*** Opening of Available records ***

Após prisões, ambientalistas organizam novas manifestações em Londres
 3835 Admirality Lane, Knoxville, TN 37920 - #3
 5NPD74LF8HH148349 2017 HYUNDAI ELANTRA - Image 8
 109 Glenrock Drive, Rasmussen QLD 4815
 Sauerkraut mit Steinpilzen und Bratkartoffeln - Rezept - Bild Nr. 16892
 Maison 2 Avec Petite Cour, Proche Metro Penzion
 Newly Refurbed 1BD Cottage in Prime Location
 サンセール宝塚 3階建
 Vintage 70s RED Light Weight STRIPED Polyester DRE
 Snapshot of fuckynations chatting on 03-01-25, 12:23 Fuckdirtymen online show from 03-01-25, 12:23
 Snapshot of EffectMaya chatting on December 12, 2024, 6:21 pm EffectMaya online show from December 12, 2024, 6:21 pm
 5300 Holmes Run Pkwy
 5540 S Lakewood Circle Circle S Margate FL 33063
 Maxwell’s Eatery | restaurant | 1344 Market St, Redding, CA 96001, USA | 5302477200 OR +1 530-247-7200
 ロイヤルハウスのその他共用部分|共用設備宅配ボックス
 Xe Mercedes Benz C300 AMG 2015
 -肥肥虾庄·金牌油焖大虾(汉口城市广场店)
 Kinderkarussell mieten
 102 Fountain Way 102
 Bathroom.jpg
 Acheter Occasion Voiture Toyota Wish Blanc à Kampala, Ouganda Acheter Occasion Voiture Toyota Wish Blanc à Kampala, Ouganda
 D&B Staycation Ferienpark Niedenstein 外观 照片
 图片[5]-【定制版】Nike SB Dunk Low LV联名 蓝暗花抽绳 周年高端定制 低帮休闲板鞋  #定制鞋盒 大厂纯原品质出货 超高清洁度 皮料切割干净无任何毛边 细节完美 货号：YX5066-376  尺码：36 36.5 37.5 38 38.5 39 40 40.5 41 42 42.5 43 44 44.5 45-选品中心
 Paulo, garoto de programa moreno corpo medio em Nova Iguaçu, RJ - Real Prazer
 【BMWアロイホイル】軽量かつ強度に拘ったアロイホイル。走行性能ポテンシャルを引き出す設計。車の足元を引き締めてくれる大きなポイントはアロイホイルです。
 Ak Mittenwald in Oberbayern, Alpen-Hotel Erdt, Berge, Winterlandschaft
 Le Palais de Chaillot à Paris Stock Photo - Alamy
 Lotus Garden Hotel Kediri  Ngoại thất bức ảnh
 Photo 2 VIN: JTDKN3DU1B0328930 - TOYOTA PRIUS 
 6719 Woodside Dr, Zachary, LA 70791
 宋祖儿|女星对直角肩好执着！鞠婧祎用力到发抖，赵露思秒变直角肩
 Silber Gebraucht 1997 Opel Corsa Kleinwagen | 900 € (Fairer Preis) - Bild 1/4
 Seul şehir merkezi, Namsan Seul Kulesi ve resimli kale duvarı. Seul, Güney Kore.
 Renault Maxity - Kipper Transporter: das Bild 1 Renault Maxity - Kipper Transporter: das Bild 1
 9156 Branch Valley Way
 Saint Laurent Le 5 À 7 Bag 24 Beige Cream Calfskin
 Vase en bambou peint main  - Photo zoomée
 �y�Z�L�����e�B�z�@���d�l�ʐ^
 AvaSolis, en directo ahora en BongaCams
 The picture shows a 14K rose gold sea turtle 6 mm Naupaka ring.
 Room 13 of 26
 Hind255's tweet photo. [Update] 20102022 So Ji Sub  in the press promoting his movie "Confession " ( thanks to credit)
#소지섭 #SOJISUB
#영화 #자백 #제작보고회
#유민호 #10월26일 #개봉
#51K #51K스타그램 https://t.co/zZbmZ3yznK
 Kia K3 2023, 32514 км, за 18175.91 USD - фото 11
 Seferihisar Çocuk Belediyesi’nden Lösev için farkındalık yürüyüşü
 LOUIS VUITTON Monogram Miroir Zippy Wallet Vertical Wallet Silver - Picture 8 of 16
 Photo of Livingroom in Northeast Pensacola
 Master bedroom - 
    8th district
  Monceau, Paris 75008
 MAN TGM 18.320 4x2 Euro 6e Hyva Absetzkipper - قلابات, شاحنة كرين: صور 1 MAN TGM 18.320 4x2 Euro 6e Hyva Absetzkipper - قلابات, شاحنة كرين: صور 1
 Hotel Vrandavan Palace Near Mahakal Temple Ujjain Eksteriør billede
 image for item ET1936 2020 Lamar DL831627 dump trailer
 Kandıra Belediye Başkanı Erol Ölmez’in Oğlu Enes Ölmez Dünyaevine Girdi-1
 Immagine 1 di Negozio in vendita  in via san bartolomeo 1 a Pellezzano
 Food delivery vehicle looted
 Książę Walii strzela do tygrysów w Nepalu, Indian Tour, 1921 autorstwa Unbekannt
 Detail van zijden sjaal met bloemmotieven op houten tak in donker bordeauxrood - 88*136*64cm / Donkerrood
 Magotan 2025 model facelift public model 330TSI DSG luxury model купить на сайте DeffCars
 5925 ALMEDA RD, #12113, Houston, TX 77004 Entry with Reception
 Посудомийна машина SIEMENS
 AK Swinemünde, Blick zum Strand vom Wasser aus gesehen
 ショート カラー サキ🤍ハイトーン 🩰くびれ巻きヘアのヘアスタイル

*** Close of Available records ***

Problem: Lines with the word "Paris": tally them across the material and give only the total.

Your solution: 2